Entrepreneur in ed-tech, building the future of education as a founder and CEO at Playful.
I write about the future of education, designing learning games, and running a startup.
I'm a generalist, introvert, gamer, and optimizing to be useful.
If you want to make something but don’t know what, a good place to start is you. You know yourself better than anything else. Use that knowledge.
Go through your day in your head and think about the moments when there’s opportunity for improvement: Something that doesn’t work. Something that could be automated. Or just something you think would be really cool to exist.
The chances are other people crave the same thing and will love you for making it a reality.
When I wanted to learn JavaScript a few months ago, I started with an online course. But it didn’t work for me. It was dull and sluggish. I needed a project.
So I asked myself: What would be useful to me that I could create in JavaScript?
And after thinking about it for a while, I decided to make a super simple app called Talk about this – a web application that generates prompts for conversations better than small talk.
Let’s be honest. This app isn’t something to write home about. The fact that it took me like 8 hours to make is a sign of how little I knew about JavaScript.
However, it worked. I enjoyed making it, I learned a lot, and I’m proud that I willed it into existence with my own hands and brains.
Did something like this already exist, only 3000 % better? Almost definitely. But my goal wasn’t to find a game like this.

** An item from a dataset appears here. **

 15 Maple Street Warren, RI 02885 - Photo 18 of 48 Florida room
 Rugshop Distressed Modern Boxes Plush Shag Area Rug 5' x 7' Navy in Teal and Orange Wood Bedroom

It was to learn by doing something I truly care about.
The process of making it felt much more meaningful because it was something I actually wanted to use.
Some people might tell you it’s a waste of time to make something that already exists: “Don’t reinvent the wheel, son.” Okay, dad, now let me learn, would you?
When your primary goal is to get better, it doesn’t matter if you build things somebody else has already done. Most of your learning happens in the process of making. The outcome is just the light on the other side that gets you through the learning tunnel.
Plus even if you make the exact same thing as somebody else, or you build something that doesn’t work, you’ll still learn a lot more than if you did nothing at all.